Naturalmente Anna Airoldi si è dovuta rifugiare più volte negli shelter: «L’ultimo attacco su Bersheva l’altro giorno, quando si sono scambiati gli ultimi missili, ha colpito un edificio residenziale. Le persone che sono morte si erano messe nella safe room all’interno dell’appartamento, che è una stanza appunto come le altre, fatta eccezione per il fatto che abbia dei muri di cemento armato. Ma in quel caso il missile è caduto esattamente su quella stanza e quindi ovviamente non c’è stato niente da fare. Però diciamo che se vai negli shelter sotto terra è molto difficile che ti succeda qualcosa».

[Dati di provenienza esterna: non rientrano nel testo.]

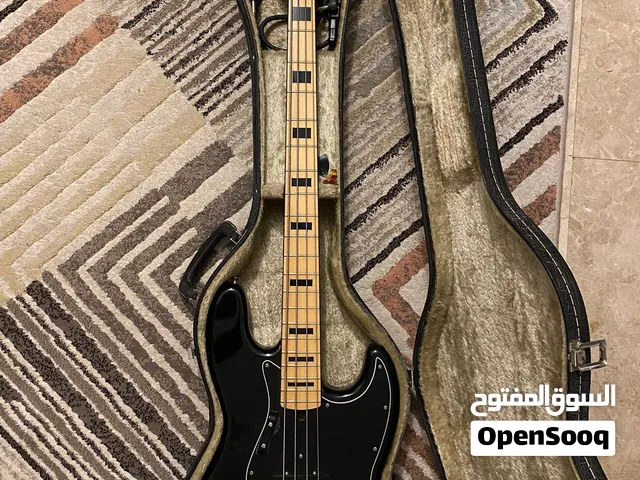 Aria Pro II Vintage Japanese Bass Guitar — 400 OMR Clean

Il che però vuol dire sotto costante stress anche in Israele e non solo a Gaza o a Teheran. Gli israeliani si lamentano? Ce l’hanno con Netanyahu? «Riuscire a ritagliarti dei momenti durante la giornata in cui sai per certo che non arriveranno i missili era impossibile – spiega Airoldi -. Ora vedremo se sarà vera pace. La gente comune, però, sostiene questa guerra: un sondaggio uscito tre o quattro giorni fa, fatto da un istituto israeliano, riportava che l’ottanta per cento della popolazione israeliana sostiene Netanyahu in questa offensiva. L’Iran è visto e considerato dagli israeliani come il nemico per eccellenza di Israele, nonostante il fatto che questo attacco sia completamente infondato e contrario a qualsiasi norma del diritto internazionale».